> _ACTIVITY_: Copy every line of the material below exactly.

> _DATASET EXCERPT_:
*-*-*
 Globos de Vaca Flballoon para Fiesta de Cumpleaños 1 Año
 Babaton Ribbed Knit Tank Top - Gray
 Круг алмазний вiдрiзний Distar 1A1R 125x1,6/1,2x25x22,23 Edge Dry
*-*-*
> _OUTPUT OF THE EXERCISE_:
 Globos de Vaca Flballoon para Fiesta de Cumpleaños 1 Año
 Babaton Ribbed Knit Tank Top - Gray
 Круг алмазний вiдрiзний Distar 1A1R 125x1,6/1,2x25x22,23 Edge Dry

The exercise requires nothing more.